-- YOUR OBJECTIVE --
Write each entry again exactly as shown, but without the images it holds.

-- DATA RECORDS --
········

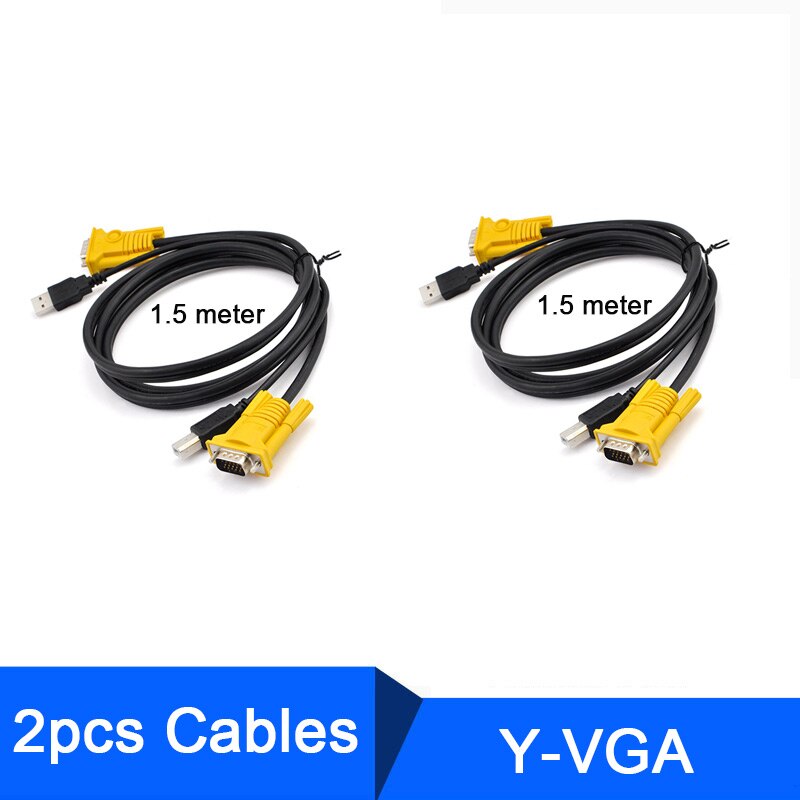 1.5m usb kvm bytte om kabel usb 2.0 15 pin vga hann til hann usb a til usb b ledningskabler pc datamaskin skriver Observere adapter omformer: Y-vga -2 stk
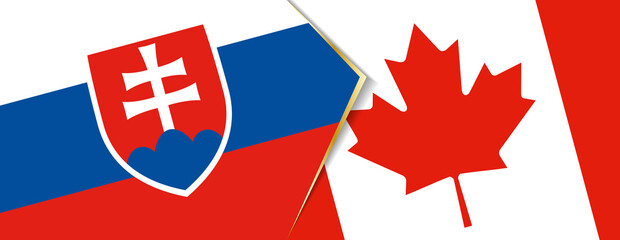 Slovakia and Canada flags, two vector flags.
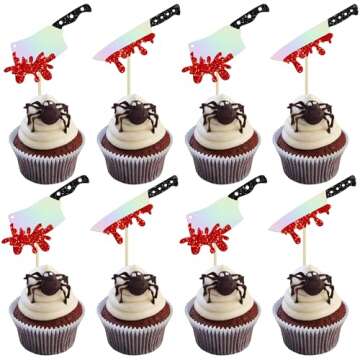 Gyufise 24Pcs Halloween Cupcake Toppers Glitter Horror Blood Knife Picks for Birthday Parties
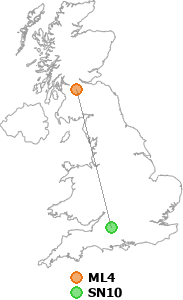 map showing distance between ML4 and SN10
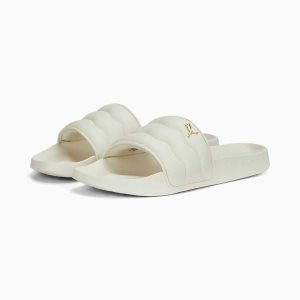 Puma Leadcat 2.0 Puffy Slides Sandalen Damen Metal Gold | EKLCOXF-90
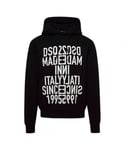 Dsquared2 Mens Made In Italy Since 1995 Black Hoodie Cotton - Size X-Large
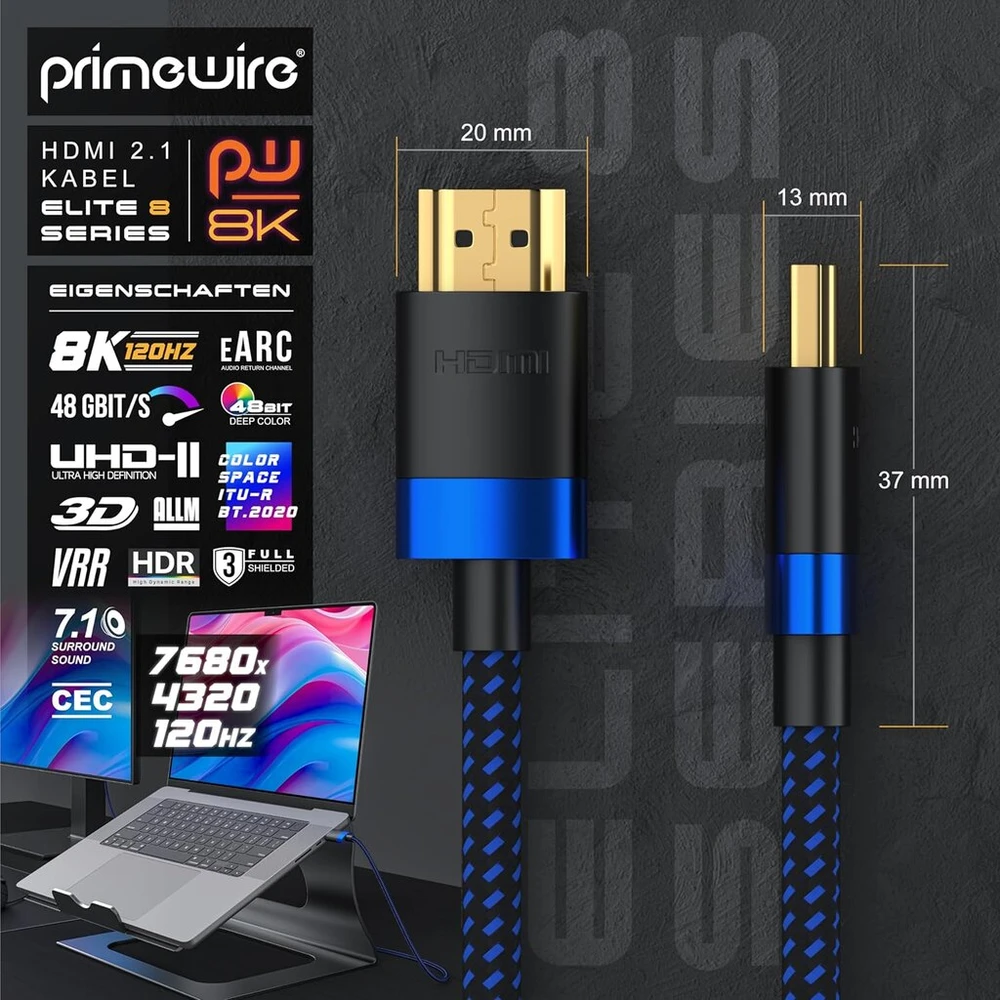 Hdmi 2.1 Kabelis 8k @ 60hz, 4k @ 120hz, 48 Gbps
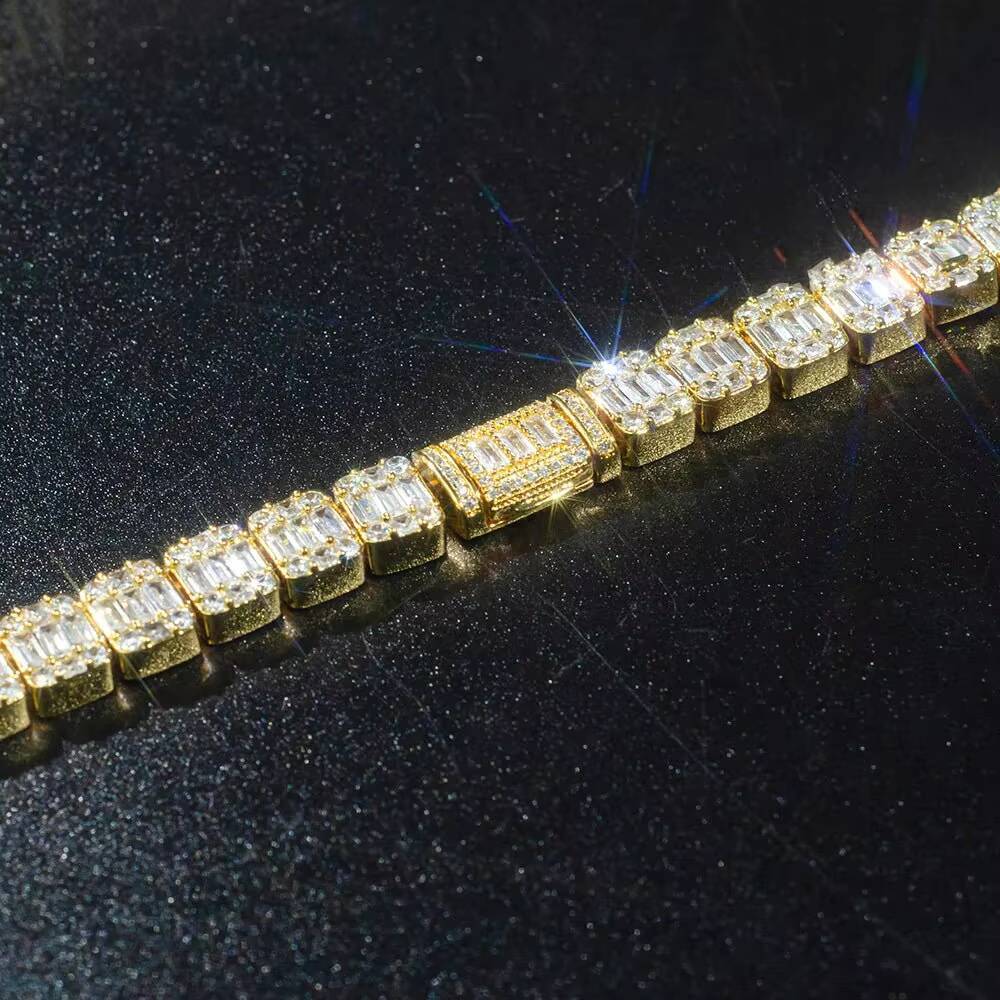 Hiphop Jewelry 10mm Moissanite Chain Clustered 925 Sterling Silver Iced Out VVS Moissanite Tennis Chain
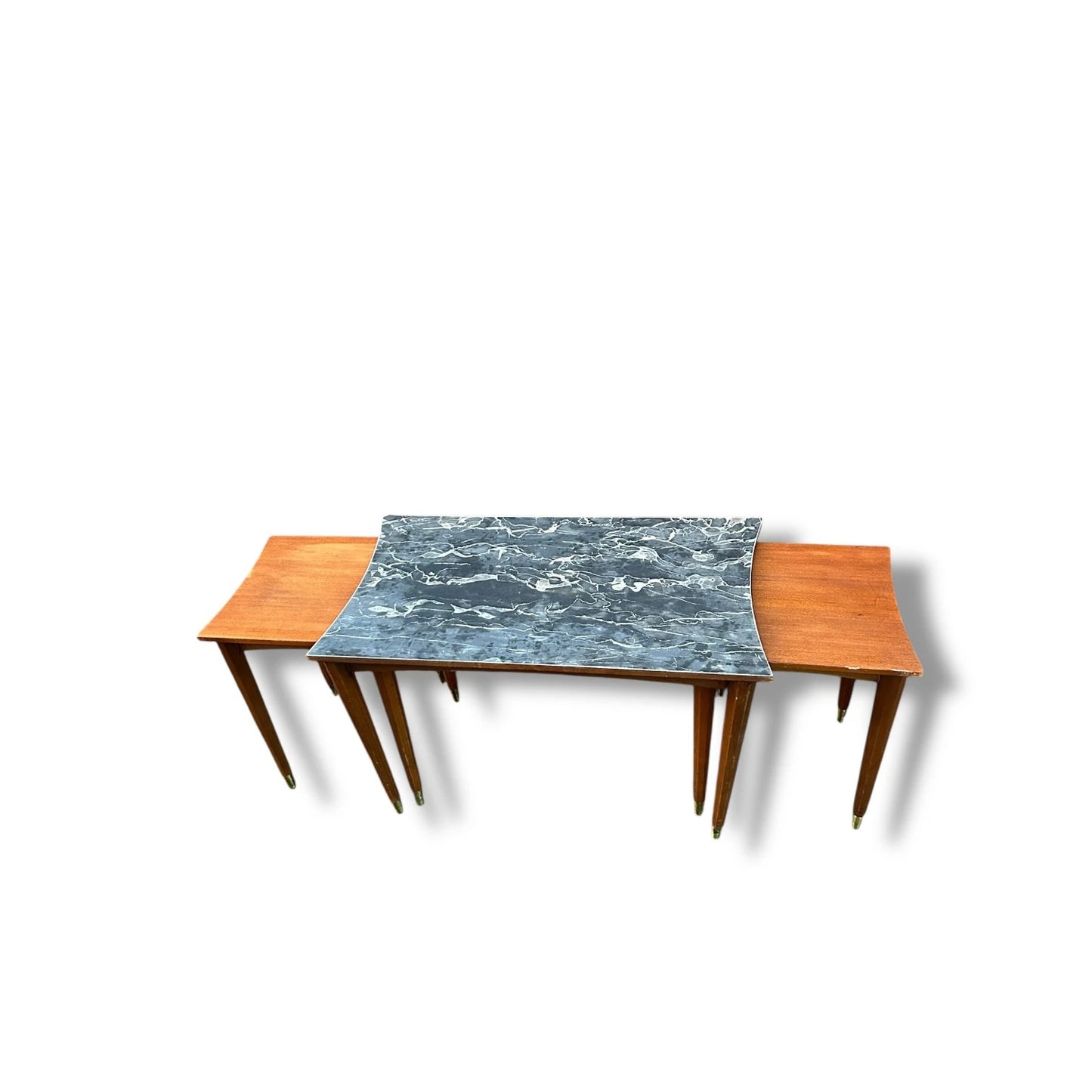 Mid Century Modern Formica and Teak Remploy Nest of Tables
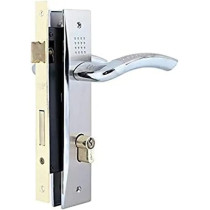 Abbasali Door Handle with Complete Lock and 3 Keys SN, Pack of 2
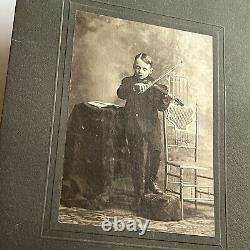 Antique Cabinet Card Photograph Spooky Little Boy Playing Violin New York NY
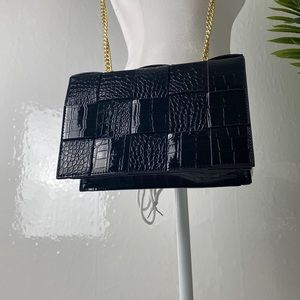 Croc Weave Flap Shoulder Bag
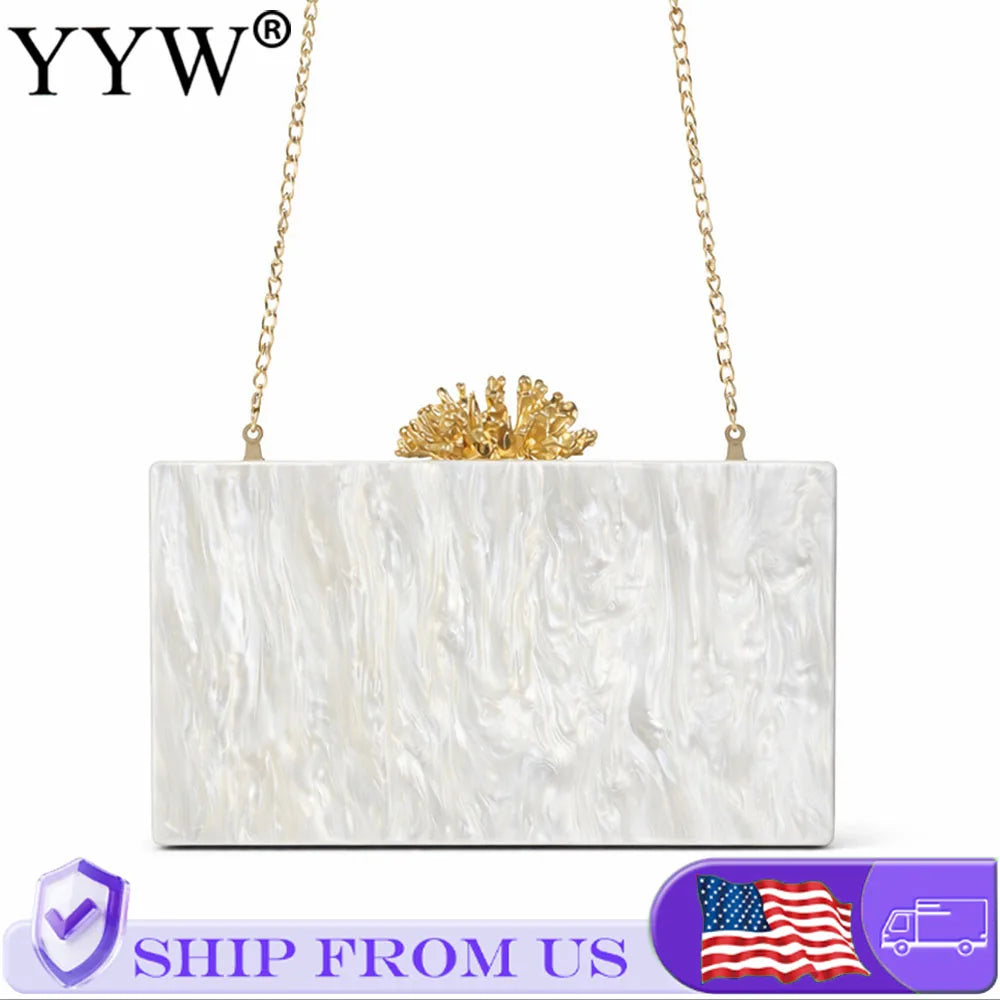 Acrylic Luxury Box Clutch Bag Wedding Chain Handbag For Women Chic Party Shoulder Crossbody Bags Ladies Evening Bags Dress Purses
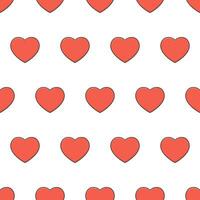 l'amour cœur sans couture modèle sur une blanc Contexte. rouge cœur thème vecteur illustration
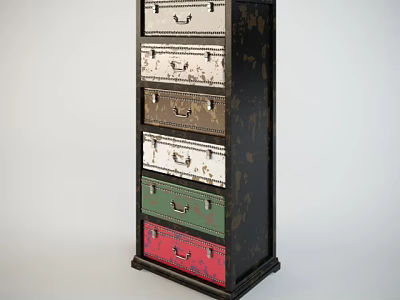 Vintage Chest of Drawers with Colorful Drawers and Black Frame for Storage 3d model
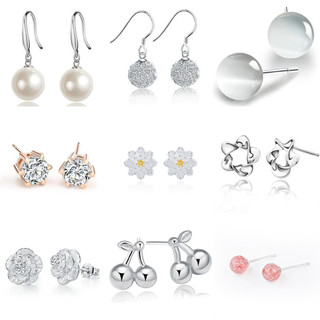 50 brincos originais de prata 925, adequados para mulheres, acessórios de joalheria coreana 45BN 8B3W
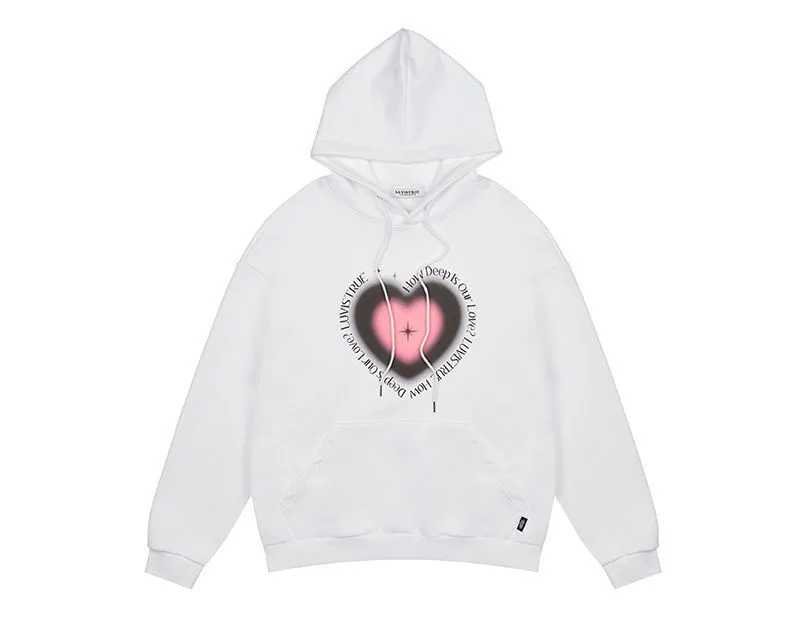 LUV IS TRUE  |Heart Unisex Street Style Long Sleeves Plain Medium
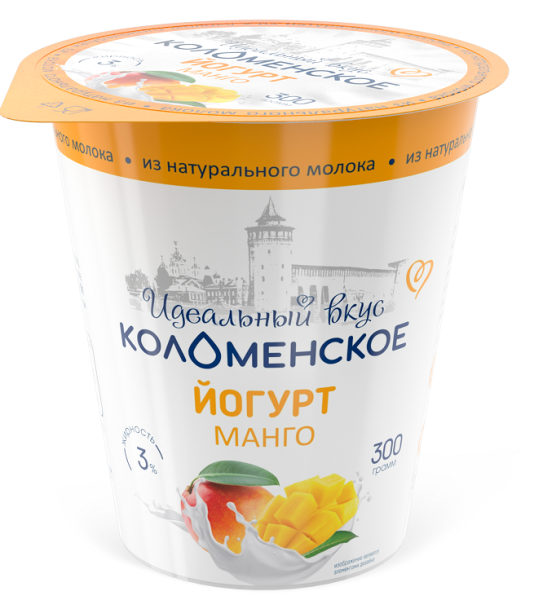 Йогурт Коломенский манго 3% 300г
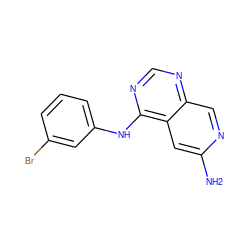 Nc1cc2c(Nc3cccc(Br)c3)ncnc2cn1 ZINC000021289041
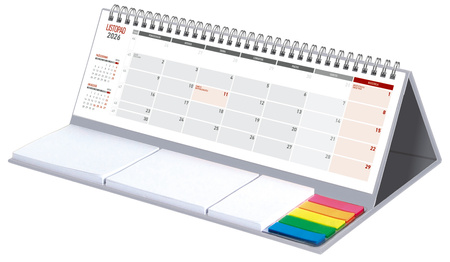 Kalendarz 2026 z notesem MAXI miesięczny spiralowany szary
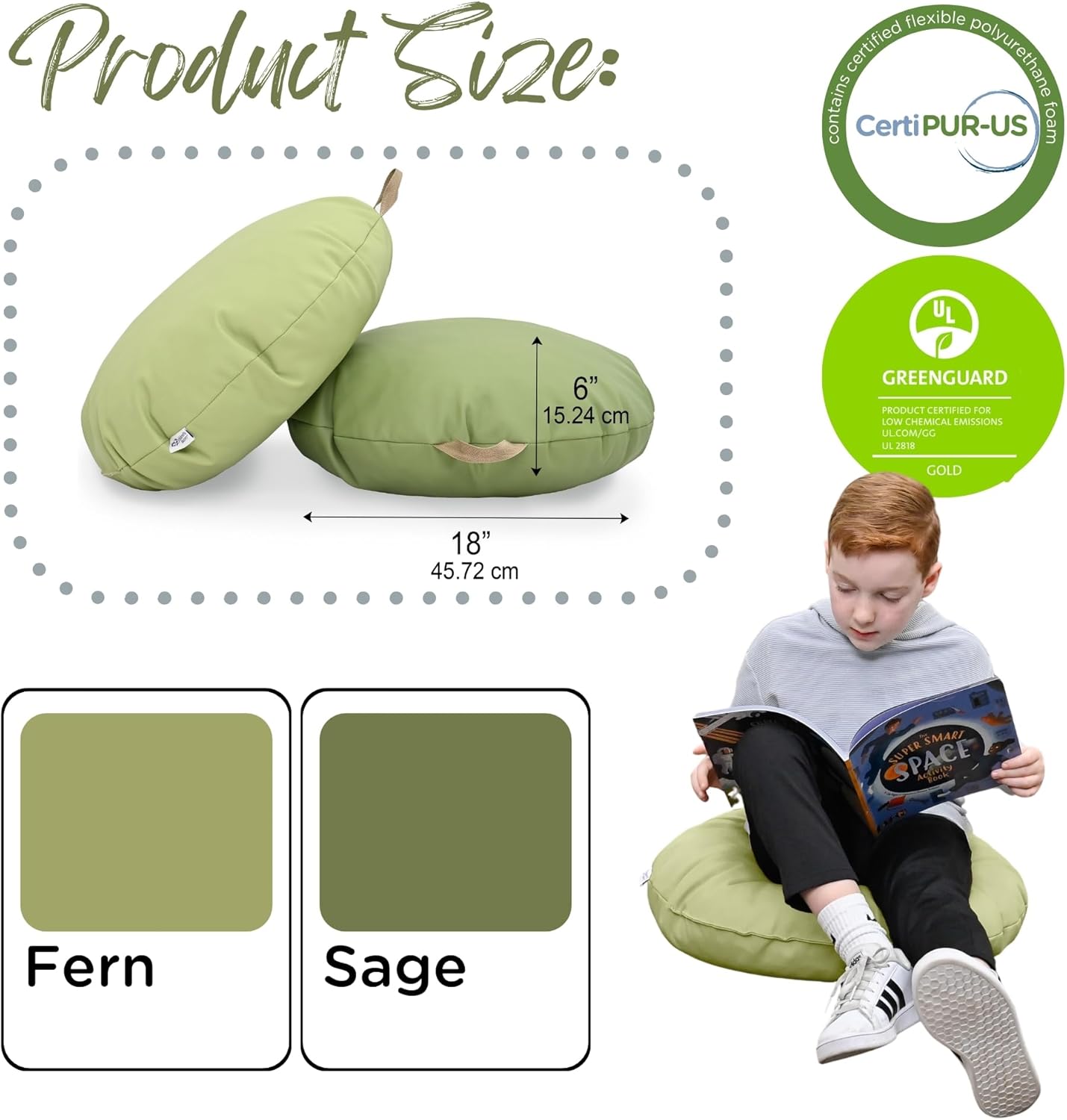 Children's Factory Mini Round Poufs, Flexible Classroom Seating, Durable Floor Cushions with Handles, Fern and Sage, Set of 2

········

-- WRITTEN RESPONSE --
 1.5m usb kvm bytte om kabel usb 2.0 15 pin vga hann til hann usb a til usb b ledningskabler pc datamaskin skriver Observere adapter omformer: Y-vga -2 stk
 Slovakia and Canada flags, two vector flags.
 Gyufise 24Pcs Halloween Cupcake Toppers Glitter Horror Blood Knife Picks for Birthday Parties
 map showing distance between ML4 and SN10
 Puma Leadcat 2.0 Puffy Slides Sandalen Damen Metal Gold | EKLCOXF-90
 Dsquared2 Mens Made In Italy Since 1995 Black Hoodie Cotton - Size X-Large
 Hdmi 2.1 Kabelis 8k @ 60hz, 4k @ 120hz, 48 Gbps
 Hiphop Jewelry 10mm Moissanite Chain Clustered 925 Sterling Silver Iced Out VVS Moissanite Tennis Chain
 Mid Century Modern Formica and Teak Remploy Nest of Tables
 Abbasali Door Handle with Complete Lock and 3 Keys SN, Pack of 2
 Antique Cabinet Card Photograph Spooky Little Boy Playing Violin New York NY
 Croc Weave Flap Shoulder Bag
 Acrylic Luxury Box Clutch Bag Wedding Chain Handbag For Women Chic Party Shoulder Crossbody Bags Ladies Evening Bags Dress Purses
 l'amour cœur sans couture modèle sur une blanc Contexte. rouge cœur thème vecteur illustration
 Vintage Chest of Drawers with Colorful Drawers and Black Frame for Storage 3d model
 50 brincos originais de prata 925, adequados para mulheres, acessórios de joalheria coreana 45BN 8B3W
 LUV IS TRUE  |Heart Unisex Street Style Long Sleeves Plain Medium
 Йогурт Коломенский манго 3% 300г
 Nc1cc2c(Nc3cccc(Br)c3)ncnc2cn1 ZINC000021289041
 Kalendarz 2026 z notesem MAXI miesięczny spiralowany szary
 Children's Factory Mini Round Poufs, Flexible Classroom Seating, Durable Floor Cushions with Handles, Fern and Sage, Set of 2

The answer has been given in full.